Poco a poco se van perdiendo las costumbres y cambiando las modas. Una de ellas era la de llamar a los restaurantes con un nombre rimbombante, largo, y de varias palabras. Que denotase poderío y buen hacer.

Lejos quedaron aquellos días de Casa Pepe, Casa Juan, Casa Paco y demás. Poco a poco fueron cayendo en el olvido. Aquellos cuartos de baño, con una cuerda de esparto a modo de tirador de la cadena y un bote de Mistol recortado haciendo las veces de cubilete para la escobilla dejaron paso a elegantes puertas de madera y brillantes sanitarios de donde las moscas huían dando la batalla por perdida.
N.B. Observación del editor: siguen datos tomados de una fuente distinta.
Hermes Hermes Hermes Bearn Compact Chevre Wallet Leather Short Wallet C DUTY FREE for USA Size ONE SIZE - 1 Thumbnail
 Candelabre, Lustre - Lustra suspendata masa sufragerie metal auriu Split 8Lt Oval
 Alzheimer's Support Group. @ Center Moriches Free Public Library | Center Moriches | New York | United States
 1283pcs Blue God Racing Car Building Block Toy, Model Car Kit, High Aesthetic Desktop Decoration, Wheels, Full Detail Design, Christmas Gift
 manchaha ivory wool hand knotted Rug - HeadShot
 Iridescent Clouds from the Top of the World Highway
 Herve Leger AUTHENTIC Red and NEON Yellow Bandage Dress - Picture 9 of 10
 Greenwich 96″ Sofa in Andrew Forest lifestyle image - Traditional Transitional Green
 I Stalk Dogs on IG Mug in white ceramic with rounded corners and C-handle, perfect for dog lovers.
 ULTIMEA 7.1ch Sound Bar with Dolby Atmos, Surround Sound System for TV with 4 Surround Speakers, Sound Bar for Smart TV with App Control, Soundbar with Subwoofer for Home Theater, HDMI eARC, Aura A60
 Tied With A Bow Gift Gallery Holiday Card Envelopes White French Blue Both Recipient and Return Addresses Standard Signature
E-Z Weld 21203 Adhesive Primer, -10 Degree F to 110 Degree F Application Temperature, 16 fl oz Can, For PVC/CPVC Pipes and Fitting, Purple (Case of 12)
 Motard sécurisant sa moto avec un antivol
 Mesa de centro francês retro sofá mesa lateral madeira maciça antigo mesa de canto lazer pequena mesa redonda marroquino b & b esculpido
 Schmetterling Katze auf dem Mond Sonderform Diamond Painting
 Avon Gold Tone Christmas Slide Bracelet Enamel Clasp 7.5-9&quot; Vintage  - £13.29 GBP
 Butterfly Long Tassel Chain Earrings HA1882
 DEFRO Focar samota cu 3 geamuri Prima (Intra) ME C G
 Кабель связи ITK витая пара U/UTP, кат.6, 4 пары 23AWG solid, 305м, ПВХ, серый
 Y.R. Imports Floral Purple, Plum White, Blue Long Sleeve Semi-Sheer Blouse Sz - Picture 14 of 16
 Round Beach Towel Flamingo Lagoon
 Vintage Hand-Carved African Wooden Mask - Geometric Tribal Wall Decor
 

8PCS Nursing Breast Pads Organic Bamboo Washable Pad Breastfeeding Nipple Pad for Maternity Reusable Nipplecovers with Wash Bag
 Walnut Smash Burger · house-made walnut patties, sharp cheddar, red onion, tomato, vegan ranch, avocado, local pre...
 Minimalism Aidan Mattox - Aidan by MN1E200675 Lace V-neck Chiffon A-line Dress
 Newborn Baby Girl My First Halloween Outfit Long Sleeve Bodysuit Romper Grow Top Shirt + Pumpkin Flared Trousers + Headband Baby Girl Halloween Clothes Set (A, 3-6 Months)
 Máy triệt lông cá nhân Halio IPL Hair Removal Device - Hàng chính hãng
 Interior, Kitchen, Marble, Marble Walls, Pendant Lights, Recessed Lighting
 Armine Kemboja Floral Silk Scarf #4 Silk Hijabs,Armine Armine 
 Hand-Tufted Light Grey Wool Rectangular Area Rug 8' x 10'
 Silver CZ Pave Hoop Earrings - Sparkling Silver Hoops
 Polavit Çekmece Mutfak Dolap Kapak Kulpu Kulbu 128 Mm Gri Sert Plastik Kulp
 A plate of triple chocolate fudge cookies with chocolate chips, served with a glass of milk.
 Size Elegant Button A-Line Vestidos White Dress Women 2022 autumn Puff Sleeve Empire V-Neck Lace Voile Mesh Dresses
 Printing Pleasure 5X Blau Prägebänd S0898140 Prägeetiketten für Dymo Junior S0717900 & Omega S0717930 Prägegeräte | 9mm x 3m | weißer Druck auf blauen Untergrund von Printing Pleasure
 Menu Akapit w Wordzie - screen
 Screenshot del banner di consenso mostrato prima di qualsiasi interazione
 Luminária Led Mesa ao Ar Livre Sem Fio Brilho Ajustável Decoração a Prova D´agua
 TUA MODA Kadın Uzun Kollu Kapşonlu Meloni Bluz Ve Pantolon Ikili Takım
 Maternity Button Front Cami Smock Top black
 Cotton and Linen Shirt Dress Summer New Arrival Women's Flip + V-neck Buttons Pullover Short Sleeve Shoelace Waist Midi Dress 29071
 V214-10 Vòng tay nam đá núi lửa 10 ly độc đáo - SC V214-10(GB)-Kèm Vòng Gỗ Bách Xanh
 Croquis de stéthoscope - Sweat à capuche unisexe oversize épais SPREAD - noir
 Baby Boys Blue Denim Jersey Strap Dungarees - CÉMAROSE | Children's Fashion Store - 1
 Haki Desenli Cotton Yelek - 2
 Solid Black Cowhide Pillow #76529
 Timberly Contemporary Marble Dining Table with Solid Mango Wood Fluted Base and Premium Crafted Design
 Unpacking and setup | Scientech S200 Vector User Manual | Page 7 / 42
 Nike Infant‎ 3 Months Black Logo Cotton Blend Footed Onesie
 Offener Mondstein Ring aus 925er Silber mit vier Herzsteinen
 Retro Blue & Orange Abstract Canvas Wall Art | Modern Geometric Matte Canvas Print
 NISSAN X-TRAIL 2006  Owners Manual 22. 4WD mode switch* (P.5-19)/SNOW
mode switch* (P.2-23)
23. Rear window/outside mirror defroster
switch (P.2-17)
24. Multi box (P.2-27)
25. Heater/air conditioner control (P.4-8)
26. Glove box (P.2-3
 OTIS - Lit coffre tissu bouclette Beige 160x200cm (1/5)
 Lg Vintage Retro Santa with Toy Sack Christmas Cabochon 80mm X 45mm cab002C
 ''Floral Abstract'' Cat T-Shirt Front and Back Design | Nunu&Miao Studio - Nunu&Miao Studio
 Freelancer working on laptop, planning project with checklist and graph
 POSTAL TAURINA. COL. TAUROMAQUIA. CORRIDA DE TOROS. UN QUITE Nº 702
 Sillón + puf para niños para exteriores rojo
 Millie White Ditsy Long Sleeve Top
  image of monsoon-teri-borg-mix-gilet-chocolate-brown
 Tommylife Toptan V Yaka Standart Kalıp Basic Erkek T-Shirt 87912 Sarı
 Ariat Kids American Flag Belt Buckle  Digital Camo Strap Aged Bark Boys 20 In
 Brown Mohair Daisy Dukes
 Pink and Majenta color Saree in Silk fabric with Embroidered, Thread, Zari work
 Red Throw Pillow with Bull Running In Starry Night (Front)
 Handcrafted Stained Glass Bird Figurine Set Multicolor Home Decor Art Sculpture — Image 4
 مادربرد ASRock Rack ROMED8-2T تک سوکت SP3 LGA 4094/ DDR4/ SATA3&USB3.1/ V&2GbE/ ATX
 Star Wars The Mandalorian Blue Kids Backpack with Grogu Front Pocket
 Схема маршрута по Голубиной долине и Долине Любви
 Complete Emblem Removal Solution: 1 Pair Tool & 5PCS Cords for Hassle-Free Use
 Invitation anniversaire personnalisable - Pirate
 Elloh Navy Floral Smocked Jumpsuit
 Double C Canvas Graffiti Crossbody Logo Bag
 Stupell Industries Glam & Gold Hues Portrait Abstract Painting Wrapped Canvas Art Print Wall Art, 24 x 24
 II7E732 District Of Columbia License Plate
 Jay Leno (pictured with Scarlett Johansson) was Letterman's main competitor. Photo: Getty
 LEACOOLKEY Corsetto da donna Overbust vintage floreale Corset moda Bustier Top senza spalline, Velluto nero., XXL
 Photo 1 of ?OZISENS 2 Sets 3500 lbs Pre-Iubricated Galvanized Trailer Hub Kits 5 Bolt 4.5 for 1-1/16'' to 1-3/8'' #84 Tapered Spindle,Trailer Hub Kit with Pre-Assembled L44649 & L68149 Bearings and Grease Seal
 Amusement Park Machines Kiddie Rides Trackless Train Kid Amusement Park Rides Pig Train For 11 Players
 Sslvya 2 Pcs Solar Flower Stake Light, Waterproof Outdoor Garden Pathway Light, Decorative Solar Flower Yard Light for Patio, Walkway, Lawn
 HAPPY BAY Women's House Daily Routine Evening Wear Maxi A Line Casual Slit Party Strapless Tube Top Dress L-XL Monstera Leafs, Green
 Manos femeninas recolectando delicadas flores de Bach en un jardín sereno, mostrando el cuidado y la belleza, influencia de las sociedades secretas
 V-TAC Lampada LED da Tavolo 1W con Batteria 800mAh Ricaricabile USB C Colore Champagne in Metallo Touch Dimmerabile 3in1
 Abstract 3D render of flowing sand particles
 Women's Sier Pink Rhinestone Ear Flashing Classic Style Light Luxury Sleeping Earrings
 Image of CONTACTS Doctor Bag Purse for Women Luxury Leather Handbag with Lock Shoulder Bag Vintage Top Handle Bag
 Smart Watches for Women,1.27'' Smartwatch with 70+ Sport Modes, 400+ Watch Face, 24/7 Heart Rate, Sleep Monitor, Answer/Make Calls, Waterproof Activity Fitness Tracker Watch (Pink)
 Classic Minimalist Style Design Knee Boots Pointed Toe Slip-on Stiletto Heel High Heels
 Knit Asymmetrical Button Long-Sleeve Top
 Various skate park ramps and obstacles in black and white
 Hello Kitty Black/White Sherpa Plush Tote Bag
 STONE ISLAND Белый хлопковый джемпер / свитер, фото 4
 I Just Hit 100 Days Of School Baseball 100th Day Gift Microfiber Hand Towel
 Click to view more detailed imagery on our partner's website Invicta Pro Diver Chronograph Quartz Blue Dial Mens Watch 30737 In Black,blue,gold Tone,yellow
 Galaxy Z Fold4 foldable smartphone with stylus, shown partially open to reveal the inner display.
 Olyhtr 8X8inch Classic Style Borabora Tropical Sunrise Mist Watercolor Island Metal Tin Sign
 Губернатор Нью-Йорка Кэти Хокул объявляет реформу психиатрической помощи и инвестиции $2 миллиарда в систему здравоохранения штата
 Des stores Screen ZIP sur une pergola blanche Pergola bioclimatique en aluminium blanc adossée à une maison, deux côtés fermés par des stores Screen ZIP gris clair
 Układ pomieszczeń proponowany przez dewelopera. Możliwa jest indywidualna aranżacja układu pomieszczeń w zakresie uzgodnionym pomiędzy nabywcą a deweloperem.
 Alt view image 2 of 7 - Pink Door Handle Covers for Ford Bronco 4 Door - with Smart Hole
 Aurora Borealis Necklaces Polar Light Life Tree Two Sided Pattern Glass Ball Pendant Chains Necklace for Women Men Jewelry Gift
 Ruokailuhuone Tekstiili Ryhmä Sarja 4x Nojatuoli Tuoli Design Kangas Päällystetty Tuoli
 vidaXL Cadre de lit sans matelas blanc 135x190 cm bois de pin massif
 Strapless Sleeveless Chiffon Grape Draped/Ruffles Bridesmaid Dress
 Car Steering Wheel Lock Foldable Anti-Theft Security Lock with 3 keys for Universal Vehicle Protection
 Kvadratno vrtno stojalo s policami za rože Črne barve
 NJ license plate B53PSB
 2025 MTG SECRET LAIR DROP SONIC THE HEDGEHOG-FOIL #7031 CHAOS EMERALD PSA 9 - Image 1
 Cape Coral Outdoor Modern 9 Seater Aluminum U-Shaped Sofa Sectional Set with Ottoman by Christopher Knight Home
Llegó la hora de acondicionar el patio trasero, que hasta entonces había sido tendedero de blancos lienzos con eternos cercos de vino, campo de juegos de perros y gatos sin collar ni microchip y garaje improvisado de triciclos y bicicletas. Todo fue sustituido por atractiva piedra de pizarra, un carro de arrastre en madera de pino y roble, tinajas de barro de 50 litros y todo tipo de aperos de labranza de principios del siglo pasado. Y se llegó a la conclusión de que toda esa exclusividad no podía convivir con términos tan comunes como Casa Manolo o Restaurante El Cruce.